Hmmm ... mani. Now I remember why I came in this room. I've been tracking man-words ever since the topic came up, about a month ago, on the American Dialect Society's listserv. A correspondent wrote that he was "working on a possible article about the man-word trend" and asked for additions to his list, which included (I'm editing for brevity):
man bag
man cave
man juice
man laws
man purse
man-boobs
mancation
man-crush
mandal
man-date
man-dress
manfriend
man-hug
mankini
man-loaf
manmaries
manorexia
manscaping
man-seed
man-spat
manties
mantique
manzillian (yes, a male Brazilian)
murse
Well, that opened the floodgates. Over the next week my inbox bulged with testosteroneologisms like these from Michael Covarrubias:
man date: a planned outing - or perhaps an edict of "man law"
manzierre: we mustn't forget this and the "bro"

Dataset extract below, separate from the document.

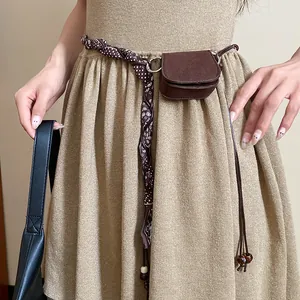 Detailed view of a retro brown mini pouch waist chain worn on a tan knit dress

man-gina: unfortunately not referring to male chest-pain
manscara: popular with glams, goths and metros
And from other contributors:
man-skank, man-slut, man-whore
And:
man-handles, to mean a man's love handles
And the whole roster of man-smut (man muscle, man gristle, man butter, man chowder, man sugar--hey, hold the man-mayo!).
You can follow the whole thread here.
So the next time you hear someone saying, as pop linguists are wont to do, that men use fewer words than women, you have my permission to produce this list and loudly proclaim "Ha!"
Or to challenge him to a mano a mano.
Mantastic post!
My husband and his poker playing friends call the garage/ workshop/ extra building on our property Man-World. He just built a round table for them all to sit around.
Posted by: Amy | April 27, 2007 at 01:04 PM
A couple weeks ago I heard "manpeedo" for a speedo worn by a man. That one seems unnecessary since it's already men who typically get the attention for wearing a tiny speedo. It's like saying "mantoupee" or "manxedo".
Hey get this: I recognized some of the commentary that you quoted. I thought "where have I heard that before?" Then I thought "did I write that?"
In fact I did offer some of those to the ADS LISTSERV several months ago. How nice to see that the lines made it all the way here.
Posted by: Michael Covarrubias | July 23, 2007 at 11:22 AM
Michael: By golly, you're right! I didn't know about your blog back then. I've dug through the ADS-L archives and updated my post to give you full credit!